Easy Chiles Rellenos

Serves 4-6


1 lb. Hatch green chiles (pictured below) or poblano peppers

2 tablespoons olive oil

1 lb. block of mild, aged white cheddar cheese

Toothpicks (optional)

Vegetable oil


Batter:

1 cup self-rising flour

1 tablespoon ground black pepper

1 1/2 teaspoons kosher salt

1 teaspoon garlic salt

1 teaspoon onion salt

1 teaspoon cayenne

1 cup of a light, mildly-flavored beer


Toppings:

28 oz can of Hatch red chile sauce

6 oz cotija cheese, crumbled

1 small bunch of cilantro, chopped

2 limes, sliced

Radishes, sliced (optional)


Preheat the oven to 450º F.


Place the chiles on a rimmed sheet pan lined with aluminum foil. Lightly coat them in olive oil. Roast the chiles in the oven until blistered and turning black in spots, turning them once or twice to blister on all sides. This can take 10-15 minutes. Remove the chiles from the oven and immediately put them in a Ziploc freezer bag, sealed tight, to steam on the countertop for at least 15 minutes.


Carefully open and remove the chiles from the bag. Peel the skin from each chile. It should easily peel off if they steamed long enough. Then, cut a small slit length-wise down each chile, and carefully deseed the chiles without opening them further.



Cut the cheddar cheese into 1/2 inch wide rectangular strips that will fit inside the chiles. Stuff each chile with one or two strips of cheese, depending on the size of the chiles.


If your chiles are too soft, you can poke toothpicks through the middle of the cheese and chile (pictured right) to help hold the chile together while you dip them in the batter. The toothpicks will hold up fine when frying and you can remove them before serving.


Heat the red chile sauce in a small pot over medium-low heat. Let simmer.


Prep your deep fryer or fill your stockpot a quarter full with vegetable oil. Start heating your oil in a stock pot over medium to medium-high heat. (I have a gas stove, so mine gets really hot easily!)


While the oil is heating, make the batter by whisking all the batter ingredients together in a large mixing bowl. The thicker the batter, the breadier the batter will be once fried. I like mine a little on the thinner side for a light, crispy batter. To achieve this, pour in enough beer so that the batter is the consistency of pancake batter and slightly runs off the chiles.

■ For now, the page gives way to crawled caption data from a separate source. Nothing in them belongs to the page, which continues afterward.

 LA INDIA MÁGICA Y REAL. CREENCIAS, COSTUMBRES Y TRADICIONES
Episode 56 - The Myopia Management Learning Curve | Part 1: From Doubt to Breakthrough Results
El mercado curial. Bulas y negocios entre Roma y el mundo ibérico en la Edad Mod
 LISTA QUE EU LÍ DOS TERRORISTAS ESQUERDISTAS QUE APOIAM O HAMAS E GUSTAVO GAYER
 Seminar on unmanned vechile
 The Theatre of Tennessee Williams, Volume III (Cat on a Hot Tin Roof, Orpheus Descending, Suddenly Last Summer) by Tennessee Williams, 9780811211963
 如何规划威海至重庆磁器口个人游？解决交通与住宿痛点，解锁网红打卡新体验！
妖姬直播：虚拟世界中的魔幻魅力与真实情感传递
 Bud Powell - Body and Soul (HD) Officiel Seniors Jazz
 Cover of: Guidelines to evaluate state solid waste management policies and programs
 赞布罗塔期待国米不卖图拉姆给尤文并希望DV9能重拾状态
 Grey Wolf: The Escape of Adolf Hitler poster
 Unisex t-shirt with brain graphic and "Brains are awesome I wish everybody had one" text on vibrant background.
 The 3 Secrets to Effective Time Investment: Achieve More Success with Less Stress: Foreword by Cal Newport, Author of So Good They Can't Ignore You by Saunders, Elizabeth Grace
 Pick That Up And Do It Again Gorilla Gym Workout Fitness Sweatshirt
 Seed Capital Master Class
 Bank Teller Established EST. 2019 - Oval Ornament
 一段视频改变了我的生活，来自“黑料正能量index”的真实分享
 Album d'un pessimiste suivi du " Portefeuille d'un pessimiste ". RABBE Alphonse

Dip and fry the chiles in batches. Dip a chile in batter being sure to coat it entirely, then quickly put it in the hot oil. This part is messy! I can fry about 4 chiles at a time in my stockpot. Fry each chile until golden brown, turning them once so they fry evenly on all sides. This takes about 5 minutes per chile. Remove each chile from the hot oil with tongs, and set aside on paper towels to drain. Keep going until all chiles are fried. They stay pretty hot for a while!


To serve, place the chiles on a plate. Top with red sauce and sprinkle with cilantro and cotija cheese. Serve with slices of lime and radish.



This will take you straight to West Texas! Enjoy!